Manipulating Coherent Light-Matter Interaction: Continuous Transition between Strong Coupling and Weak Coupling in MoS2 Monolayer Coupled with Plasmonic Nanocavities

Strong interactions between surface plasmons in ultracompact nanocavities and excitons in 2D materials have attracted wide interests for its prospective realization of polariton devices at room temperature. Here, a continuous transition from weak coupling to strong coupling between excitons in molybdenum disulfide (MoS2) monolayer and highly localized plasmons in ultracompact nanoantenna is proposed. The nanoantenna is assembled by a silver nanocube positioned over a gold film and separated by a dielectric spacer layer.
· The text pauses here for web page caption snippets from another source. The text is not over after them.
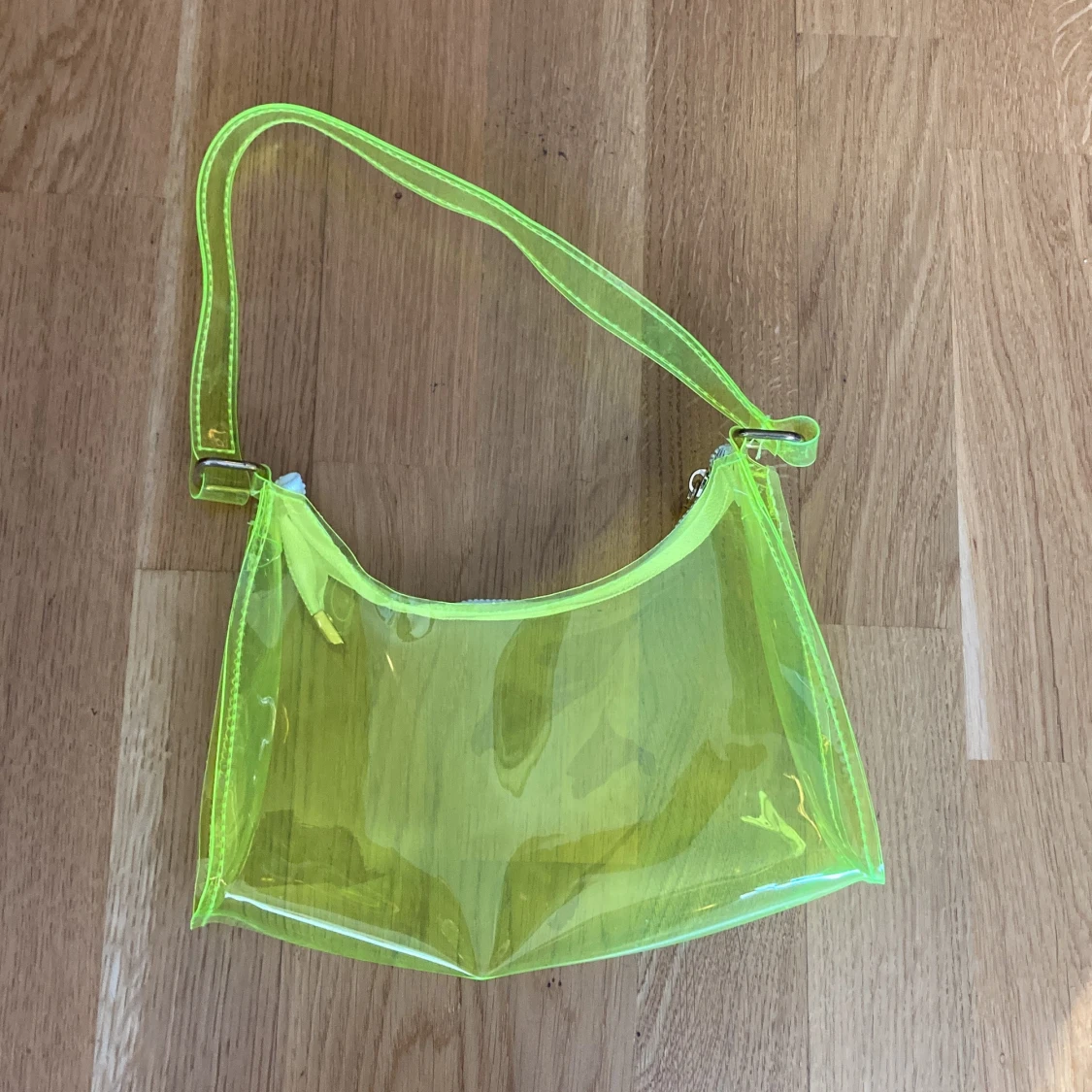 Neon axelrems väska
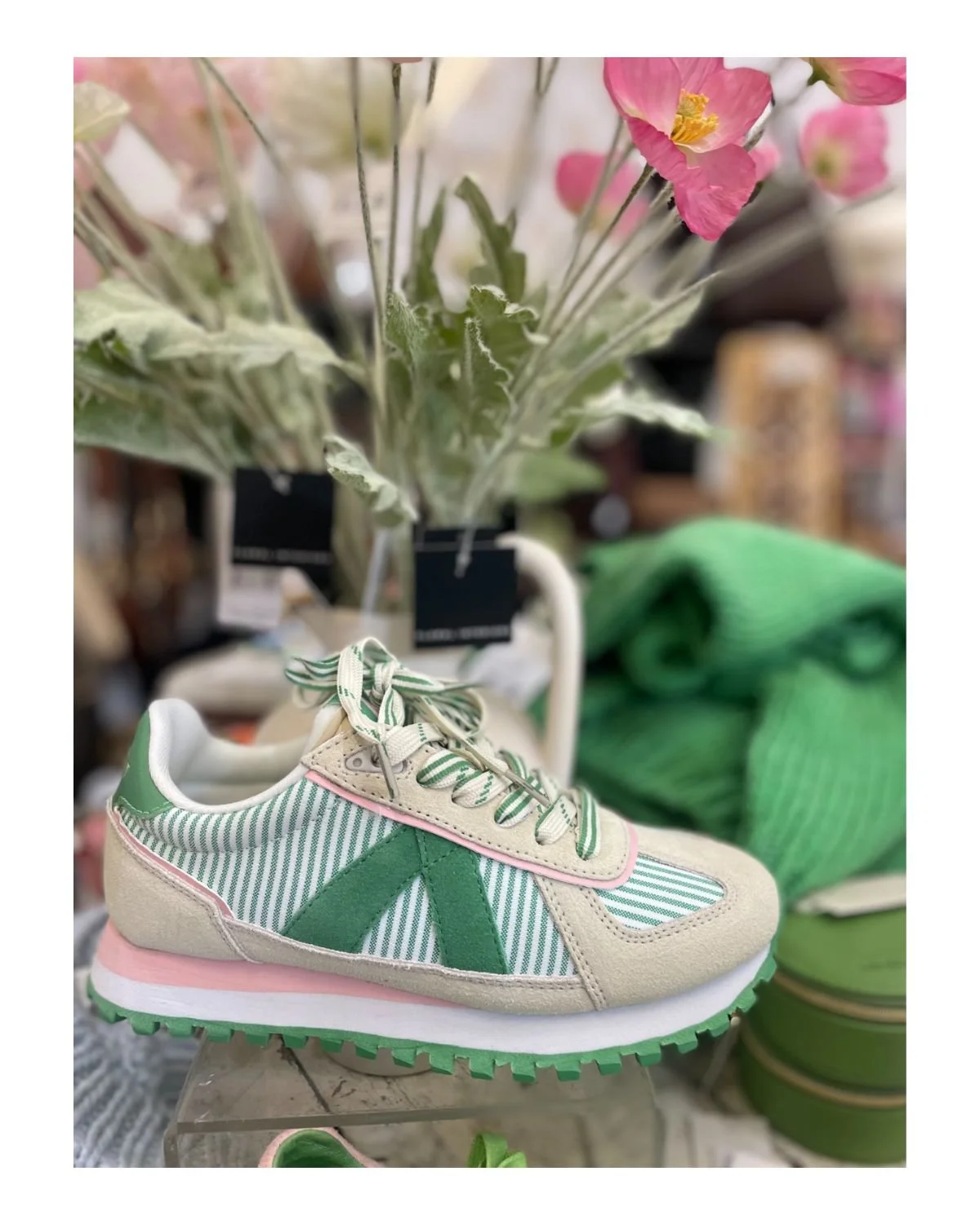 Shop shoes for autumn at The Corner!

The Corner Life &amp; Style Store - 02 6736 1812

#tenterfield #experiencetenterfield #nehighcountry #tenterfieldshopping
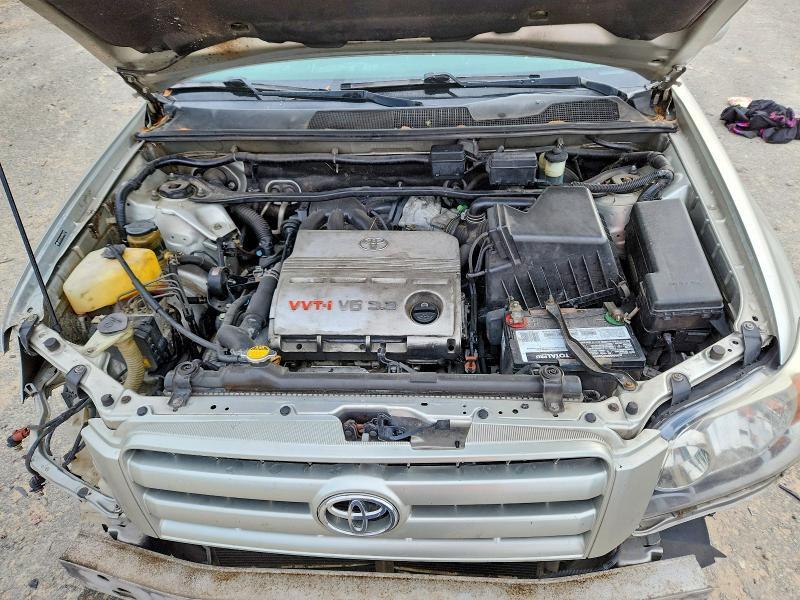 2004 Toyota Highlander Base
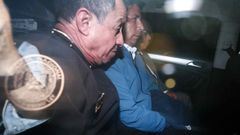  El destituido presidente Pedro Castillo sale detenido en un vehculo policial de la Prefectura de Lima.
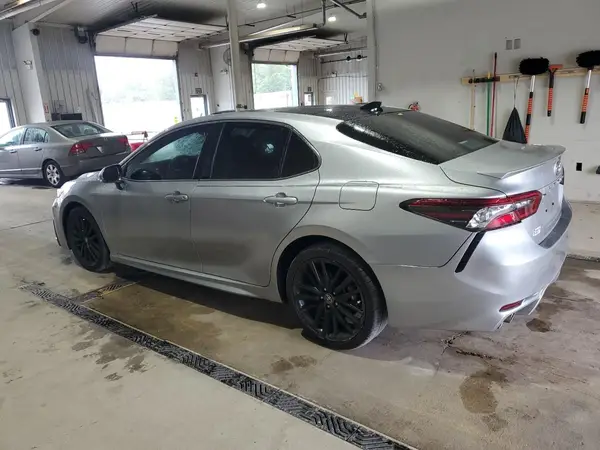 4T1K61AK2PU758448 2023 TOYOTA CAMRY - Image 2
A 1570-fold enhancement in the photoluminescence is observed at weak coupling regime in hybrid nanocavities with thick spacer layers. The interaction between excitons and plasmons is then directly prompted to strong coupling regime by shrinking down the thickness of spacer layer. Room temperature formation of polaritons with Rabi splitting up to 190 meV is observed with a fair polariton loss around 165 meV. Numerical calculations quantify the relation between coupling strength, local density of states, and spacer thickness, and reveal the transition between weak coupling and strong coupling in nanocavities. The findings in this work offer a guideline for feasible designs of plasmon-exciton interaction systems with gap plasmonic cavities.